O anúncio foi feito pelo presidente da AADEM, Moisés Rodrigues. O responsável está em Caracas a tratar do processo de desalfandegamento da ajuda. E, consequentemente, verificar a capacidade das associações portugueses locais para a receber.
“O objetivo desta vinda à Venezuela, é, em representação do conjunto das associações que fizemos para a colheita da ajuda humanitária, desde as ilhas ao continente, fazer a entrega oficial dos contentores de ajuda humanitária”, disse à Agência Lusa.
Toneladas de ajuda para quem mais precisa
Segundo Moisés Rodrigues, “no total, são 10 contentores, 7 saídos de Lisboa e 3 do Porto de Leixões, com uma carga total de 240 toneladas”.
“Quatro já se encontram em território venezuelano, dois em processo de alfândega, para serem libertados. E os outros dois deverão estar disponíveis já na próxima semana”, disse.
Rodrigues explicou ainda que se trata de ajuda humanitária recolhida pela sociedade civil em Portugal. Seja por venezuelanos, como por lusodescendentes “que sentiram na pele, a dor do que aconteceu na Venezuela”.
“Nestes contentores temos alimentos, medicamentos, insumos médicos, desde máscaras, luvas, batas, material cirúrgico. Mas também, fraldas para bebés e adultos, e artigos de uso pessoal”, precisou. Mas sabiam que a entrega demoraria algum tempo a chegar à Venezuela. Pois o envio por via marítima demora sempre mais, devido a questões de logística internacional.
Beneficiários estão sinalizados
A entrega inicial, disse, será para dez instituições locais. A saber, entre elas a Sociedade de Beneficência de Damas Portuguesas, o Lar da Terceira Idade Padre Joaquim Ferreira, o Lar Geriátrico de Maracay, a “Regala Una Sonrisa” (Oferece um sorriso), as Peregrinas de El Junquito, a Venexos, a Consulta Salud (Saúde) e a Ajuda-Caritativa.
Por outro lado, já foram contactadas associações nas cidades de Los Teques e Valência. Isto para além da Cáritas Valência e da Cáritas Caracas, que vão receber a segunda remessa de ajuda humanitária.
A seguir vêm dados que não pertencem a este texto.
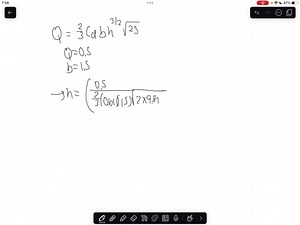 A rectangular, sharp-crested weir with end contractions is 1.4  m long. How high should it be placed in a channel to maintain an upstream depth of 2.35  m for 0.40  m^3 / s flow? I Q=1.83 L^' H^1 / 2 where L^'=L-0.2 H (due to end contractions). 0.40=(1.83)(1.4-0.2 H)(H)^3 / 2   H=0.30  m   P=2.35-0.30=2.05  m (height of weir) | Numerade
“Nesta primeira fase, as organizações já contactadas vão receber entre 10 a 15 paletes cada uma. E, por isso, foi importante determinar qual a capacidade instalada de cada uma delas”, frisou.
Por outro lado, explicou que a AADEM pondera também, no futuro, apoiar monetariamente várias instituições na Venezuela.
Mais iniciativas solidárias
Moisés Rodrigues anunciou ainda que, para angariar fundos, a AADEM e outras associações estão a promover, na Madeira, uma festa gastronómica venezuelana a decorrer entre 18 e 20 de setembro. A iniciativa terá transmissão no canal “Na minha Terra TV” através da Internet. Estão ainda agendadas várias atividades a realizar no continente entre outubro e novembro próximos.
Por fim, a AADEM está a vender rifas. Um iniciativa para financiar o envio, para a Venezuela, de 27 toneladas de medicamentos que foram doados em Portugal continental.
O presidente da AADEM lamenta que a situação na Venezuela esteja a deixar de ser notícia. E insiste, portanto, que, internacionalmente, “as pessoas não têm noção do que realmente aconteceu” no país.
“Quem conheceu La Guaira, antes do sismo, ao vê-la agora, recebe um choque emocional e visual muito grande. O cenário de destruição é muito forte, maior do que se pode ver na televisão; só quem está no terreno consegue ver a realidade”, disse.
O duplo sismo de 24 de junho causou danos graves em infraestruturas. E ainda, feridos e vítimas mortais em sete estados da Venezuela: Caracas, Miranda, Arágua, Carabobo, Lara, Yaracuy e La Guaira, este último o mais afetado.
De acordo com o último balanço atualizado divulgado pelas autoridades, 6.509 pessoas morreram e 226.696 ficaram feridos. Entre as vítimas mortais, há pelo menos 138 portugueses e lusodescendentes.